Colleen Flanagan, a member of ADAPT and founder of Disability Action, explained to Rewire.News via email, “ADAPTers visited Senator Lamar Alexander’s office to ask him to co-sponsor the Disability Integration Act. Because the Senator is the Chair of the Senate HELP Committee, he has the power to stop the institutional bias that is forcing disabled Americans into nursing homes.”

“Once it was clear that Sen. Alexander was not interested in responding to us, we put on the brakes of our wheelchairs and started to shout: ‘Cut the bullshit, cut the crap, now it’s time to face ADAPT.’ We were loud. We chanted until U.S. Capitol Police arrested us for ‘incommoding.’ Shame on Sen. Alexander for ignoring people with disabilities’ pursuit for life and liberty,” Flanagan continued.

But the activists didn’t stop there. Instead, they sought to expand the growing list of supporters by targeting the Center for American Progress (CAP) and the Heritage Foundation the next day, two policy think tanks on opposite ends of the political spectrum. After ADAPT protested outside the organizations and met with leaders from each, both agreed to support the DIA.

“Disturbingly, nearly three decades after the Americans with Disabilities Act was signed into law, too many Americans with disabilities are still fighting for the right to live independently, rather than in isolating institutions,” the Center for American Progress said in a statement. “This must end. CAP commends ADAPT for its leadership in raising awareness about this injustice and is proud to support the Disability Integration Act.”

Heritage Foundation President Kay Coles James also issued a statement after meeting with members of ADAPT: “Like ADAPT, we believe all Americans—regardless of disability—should be free to live independent lives, age in place, and realize the gifts of Life, Liberty, and the Pursuit of Happiness.”

“I look forward to meeting again soon with ADAPT and other advocates as we explore common-sense reforms that will replace government-dictated with consumer-driven healthcare,” the statement continued. “There is never a need to block Heritage’s doors. They’re always open, and a meeting is just a call away!”

Following its successes at the Center for American Progress and the Heritage Foundation, ADAPT went to AARP (formerly the American Association of Retired Persons) to urge it to support the DIA. Anita Cameron, a member of ADAPT,  said in a statement, “As a member of AARP, I expect advocacy on policies that help me continue to live at home even as I am getting older. I have no intention of moving out of the home and community I love; I just need the support to live my life. AARP should be there for me, and they aren’t.”

Rather than meet with members of ADAPT, AARP called the police to disperse the protesters, NOS Magazine reported.

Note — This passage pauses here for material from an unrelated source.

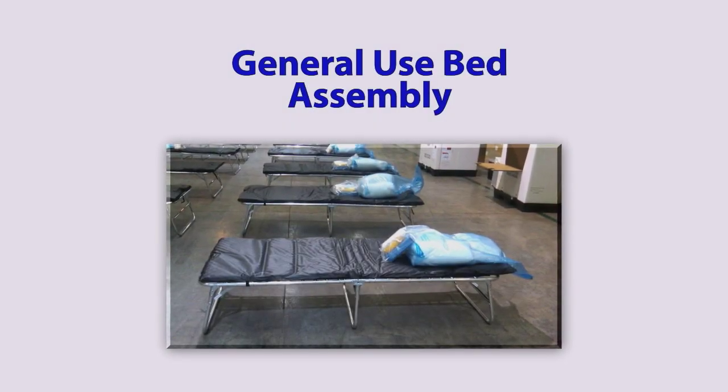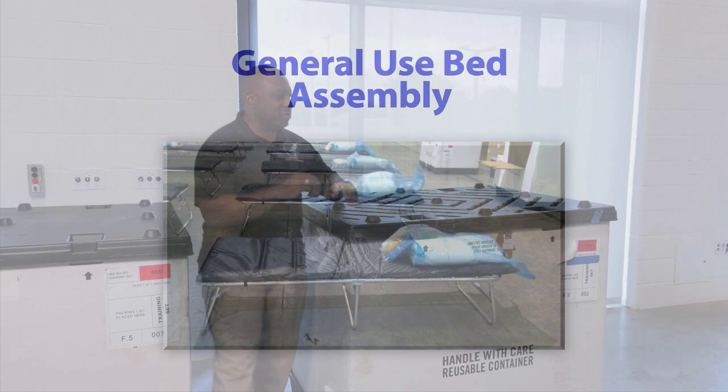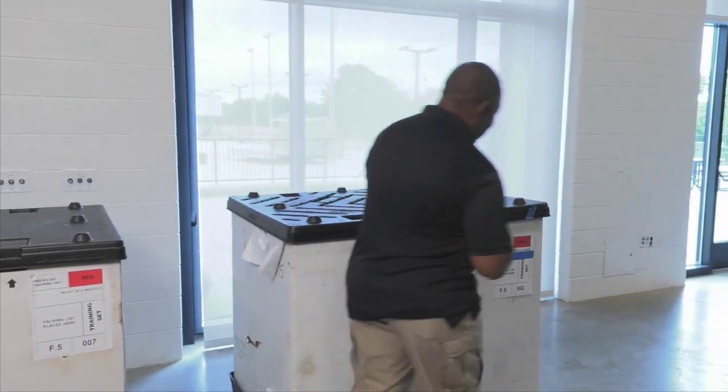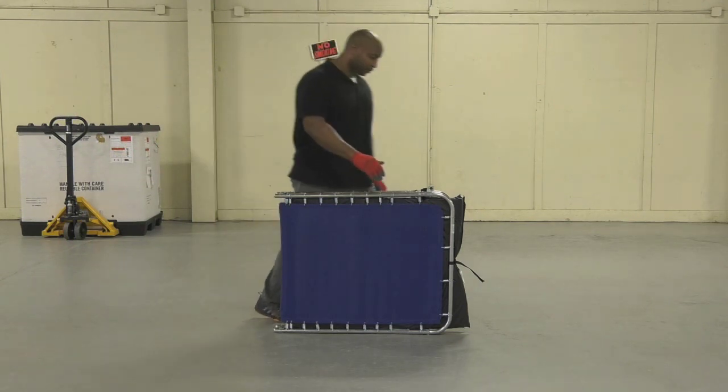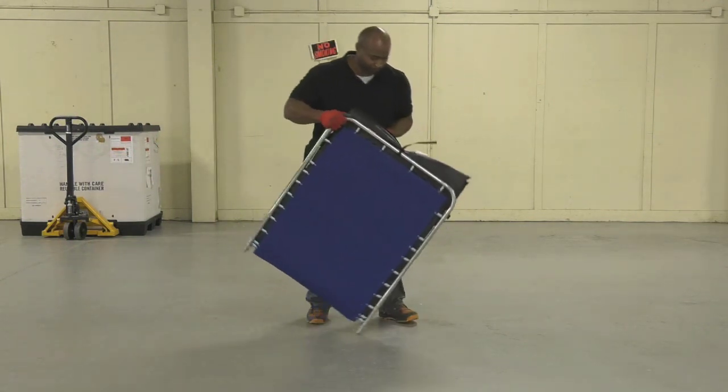The GUB, or General Use beds, are delivered in tri-walls with a red label marked General Use. These beds are not very difficult to assemble and can be put together by one person.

Members of ADAPT agreed to leave once a meeting with AARP’s leadership was scheduled. No members of ADAPT were arrested.

Following a meeting the next day, AARP “agreed to support the DIA once both parties agreed on some changes in language [to the bill],” Marilee Adamski-Smith, ADAPT’s national media chair, told Rewire.News in an email.

In the end, ADAPT believes it got what it was looking for: increased support for the DIA. Over 400 national and state disability and civil rights organizations support the legislation.

“Conservative, progressive, bipartisan, nonpartisan, whatever…. We can all agree that DIA needs to happen,” said Josue Rodriguez, an organizer with El Paso ADAPT, in a press release from the national organization.